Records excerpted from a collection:
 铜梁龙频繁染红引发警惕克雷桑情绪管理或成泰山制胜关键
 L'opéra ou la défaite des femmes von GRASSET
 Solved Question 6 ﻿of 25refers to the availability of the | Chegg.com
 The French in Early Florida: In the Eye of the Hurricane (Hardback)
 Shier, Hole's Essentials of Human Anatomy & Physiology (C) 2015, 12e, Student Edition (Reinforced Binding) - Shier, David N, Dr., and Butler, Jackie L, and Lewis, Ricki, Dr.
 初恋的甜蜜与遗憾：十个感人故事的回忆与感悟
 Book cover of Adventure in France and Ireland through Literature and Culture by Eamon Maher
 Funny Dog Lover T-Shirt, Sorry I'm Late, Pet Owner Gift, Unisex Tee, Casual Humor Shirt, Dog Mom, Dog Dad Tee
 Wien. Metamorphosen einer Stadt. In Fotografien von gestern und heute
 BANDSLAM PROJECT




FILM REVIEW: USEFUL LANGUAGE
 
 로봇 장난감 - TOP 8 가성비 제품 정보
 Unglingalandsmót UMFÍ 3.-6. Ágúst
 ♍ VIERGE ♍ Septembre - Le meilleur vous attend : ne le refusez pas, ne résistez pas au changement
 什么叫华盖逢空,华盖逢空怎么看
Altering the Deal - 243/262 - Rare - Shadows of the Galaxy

## About this task
Set down the records once more, character for character.

## Written answer
 铜梁龙频繁染红引发警惕克雷桑情绪管理或成泰山制胜关键
 L'opéra ou la défaite des femmes von GRASSET
 Solved Question 6 ﻿of 25refers to the availability of the | Chegg.com
 The French in Early Florida: In the Eye of the Hurricane (Hardback)
 Shier, Hole's Essentials of Human Anatomy & Physiology (C) 2015, 12e, Student Edition (Reinforced Binding) - Shier, David N, Dr., and Butler, Jackie L, and Lewis, Ricki, Dr.
 初恋的甜蜜与遗憾：十个感人故事的回忆与感悟
 Book cover of Adventure in France and Ireland through Literature and Culture by Eamon Maher
 Funny Dog Lover T-Shirt, Sorry I'm Late, Pet Owner Gift, Unisex Tee, Casual Humor Shirt, Dog Mom, Dog Dad Tee
 Wien. Metamorphosen einer Stadt. In Fotografien von gestern und heute
 BANDSLAM PROJECT




FILM REVIEW: USEFUL LANGUAGE
 
 로봇 장난감 - TOP 8 가성비 제품 정보
 Unglingalandsmót UMFÍ 3.-6. Ágúst
 ♍ VIERGE ♍ Septembre - Le meilleur vous attend : ne le refusez pas, ne résistez pas au changement
 什么叫华盖逢空,华盖逢空怎么看
Altering the Deal - 243/262 - Rare - Shadows of the Galaxy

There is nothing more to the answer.